Every animation film here was chosen with after a breakup in mind. These aren't algorithmically ranked, they were chosen because they actually work for this.
The best animation movies after a breakup from the 2000s you have probably never heard of. Includes Partly Cloudy, Cowboy Bebop: The Movie, The Incredibles a...
Post-breakup viewing is its own art form. You don't want to be preached at. You want to be absorbed into something that has nothing to do with your current situation.
The 2000s feel undervalued now. A decade of films that knew what they were doing and did it without apology.
Animation isn't a genre - it's a medium. And in the right hands, it reaches emotional places live-action simply cannot.
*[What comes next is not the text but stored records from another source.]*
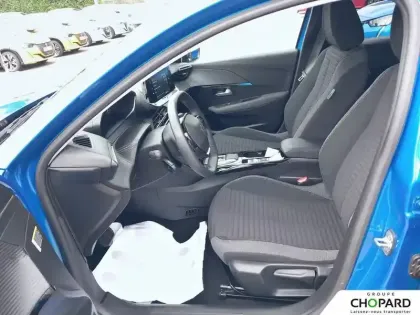 Photo 10 Peugeot 208  Electrique 50 kWh 136ch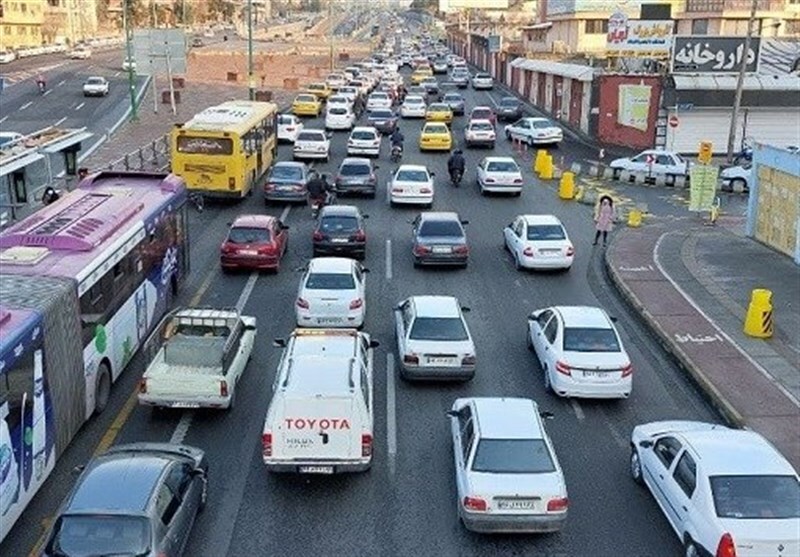 فوت کوزه گری تغییر مسیر و جابجایی بین خطوط/ رادار هشدار خروج از خط چیست ؟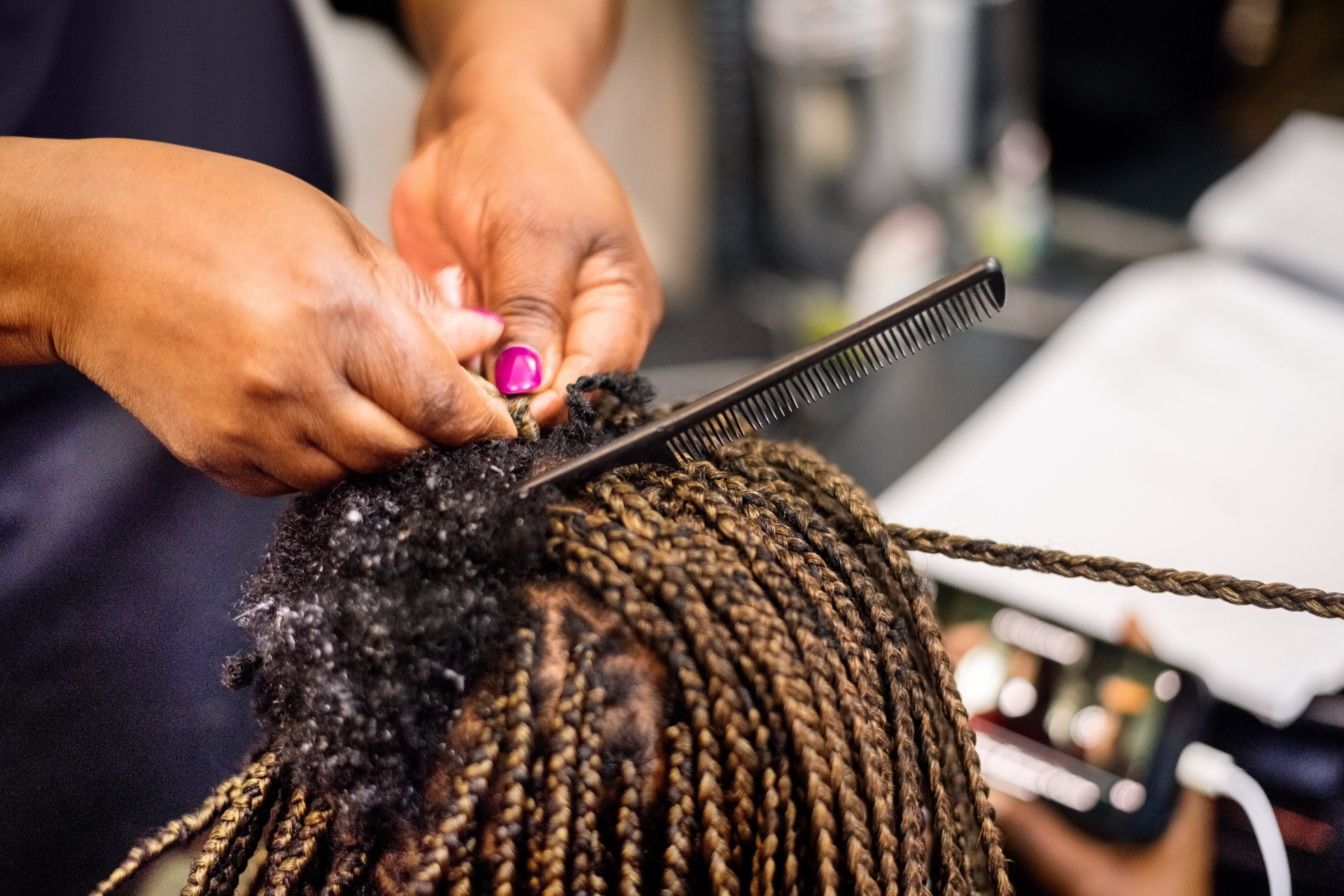 Touba Hair Braiding & Beauty Supply in Alexandria, VA (2)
Everyone knows that the stork delivers babies, but where do the storks get the babies from? The answer lies up in the stratosphere, where cloud people sculpt babies from clouds and bring them to life. Gus, a lonely and insecure grey cloud, is a master at creating "dangerous" babies. Crocodiles, porcupines, rams and more - Gus's beloved creations are works of art, but more than a handful for his loyal delivery stork partner, Peck. As Gus's creations become more and more rambunctious, Peck's job gets harder and harder. How will Peck manage to handle both his hazardous cargo and his friend's fiery temperament?
The year is 2071. Following a terrorist bombing, a deadly virus is released on the populace of Mars and the government has issued the largest bounty in history, for the capture of whoever is behind it. The bounty hunter crew of the spaceship Bebop; Spike, Faye, Jet and Ed, take the case with hopes of cashing in the bounty. However, the mystery surrounding the man responsible, Vincent, goes deeper than they ever imagined, and they aren't the only ones hunting him.
Bob Parr has given up his superhero days to log in time as an insurance adjuster and raise his three children with his formerly heroic wife in suburbia. But when he receives a mysterious assignment, it's time to get back into costume.
Raised on tales of a Djinn fairy princess, Azur, a young Frenchman goes to North Africa in search of the sprite, only to discover that his close childhood friend, Asmar, an Arab youth whose mother raised both boys also seeks the genie.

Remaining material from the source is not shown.